The Big GoodbyeAbout Michael Lister

A native Floridian, award-winning novelist, Michael Lister, grew up in North Florida near the Gulf of Mexico and the Apalachicola River, beneath slash pines and Spanish moss draped oak limbs, in a small town world famous for tupelo honey.

Truly a regional writer, his canvas is not a central, major city (there are none in North Florida), but a region—small towns (THUNDER BEACH), river swamps (DOUBLE EXPOSURE), massive prisons in rural areas (THE BODY AND THE BLOOD).

Captivated by story since childhood, Michael has a love for language and narrative inspired by the Southern storytelling tradition that captured his imagination and became such a source of meaning and inspiration, he pursued and received undergraduate and graduate degrees in theology with an emphasis on myth and narrative within religion.

In the early 90s, Lister became the youngest chaplain within the Florida Department of Corrections. For nearly a decade, he served as a contract, staff, then senior chaplain at three different facilities in the Panhandle of Florida—a unique experience that led to his first novel, 1997’s critically acclaimed, POWER IN THE BLOOD. It was the first in a series of popular and celebrated novels featuring ex-cop turned prison chaplain, John Jordan.

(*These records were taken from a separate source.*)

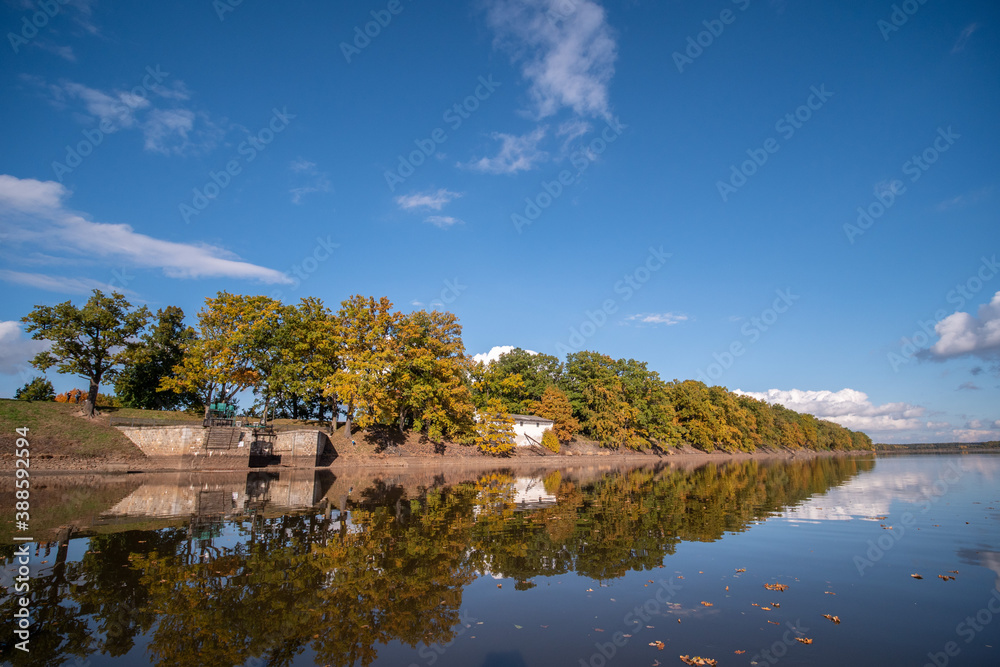 Lake level on an autumn afternoon. Reflecting cloudy sky. Lake level on an autumn afternoon. Reflecting cloudy sky.
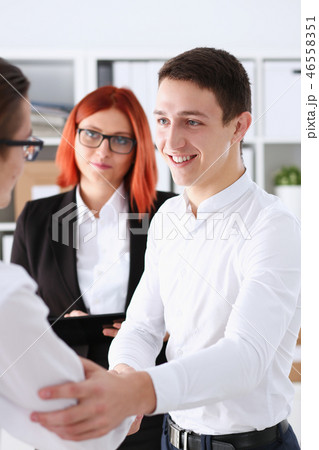 Smiling man in suit shake hands as hello in office 46558351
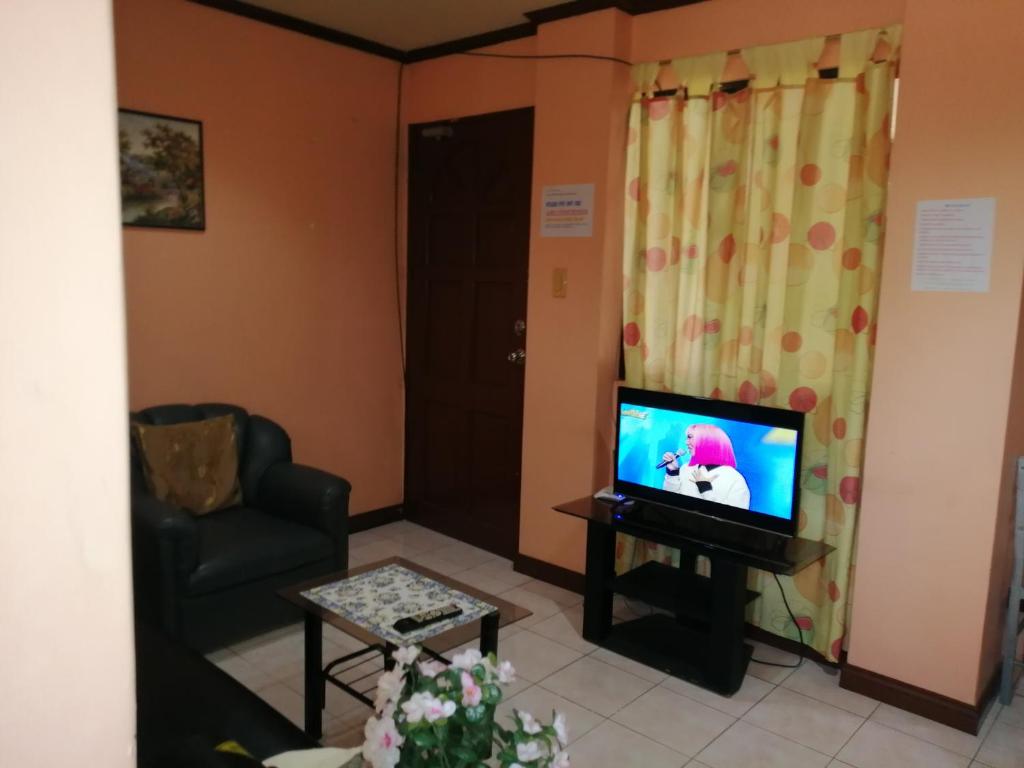 a living room with a television and a chair at Cranberry's place #3 in Iloilo City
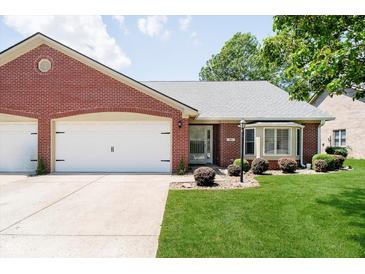 Charming brick home featuring an attached garage and beautifully maintained front lawn at 194 Waterford Ct, Avon, IN 46123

Subsequent books in the series include BLOOD OF THE LAMB, FLESH AND BLOOD, and THE BODY AND THE BLOOD, and each takes readers through the electronically locked gates of the chain-link fences, beneath the looping razor wire glinting in the sun, and into the strange world of Potter Correctional Institution, Florida’s toughest maximum security prison.

Michael Lister won a Florida Book Award for his first literary novel, DOUBLE EXPOSURE, a book, according to the Panama City News Herald, that “is lyrical and literary, written in a sparse but evocative prose reminiscent of Cormac McCarthy.” It is a contemplation of life and death, art and meaning, set deep in the swamps of the Apalachicola River, a thriller about a wildlife photographer whose camera traps capture a crime, that shows the beauty and danger of the Panhandle paradise.

A committed environmentalist, Michael works to protect the area he so loves, setting up the Mother Earth Fund (named after a character from DOUBLE EXPOSURE) for environmental conservation and education and serving on the board of directors of the Apalachicola Riverkeeper.

For the past seven years, Lister has written for, edited, and operated the oldest newspaper in Gulf County, The Gulf County Breeze. One of the last independent paper in the region, it began in 1925.

His love of story and drama led him to write and produce plays and to begin The Tupelo, a community theater that features his original work.

A screenwriter and filmmaker, Michael worked for three years as the senior staff writer for Triple Horse Entertainment, one of the South’s largest production companies, and continues to write scripts for the company today. But his first love and greatest passion is the novel—what he refers to as the center of his creative universe.

Michael also writes a popular and highly praised weekly column on art and meaning and life titled Of Font and Film (www.OfFontandFilm.com), which includes reviews of film and fiction.

In addition to writing suspenseful literary crime novels, Lister writes historical thrillers, such as THE BIG GOODBYE, featuring Jimmy "Soldier" Riley, a PI in Panama City during World War II (www.FloridaNoir.com), and short stories, which have appeared in such collections as DELTA BLUES, NORTH FLORIDA NOIR, and now FLORIDA HEAT WAVE, which he edited.

Lister’s latest standalone literary thrillers include THUNDER BEACH, BURNT OFFERINGS, and SEPARATION ANXIETY.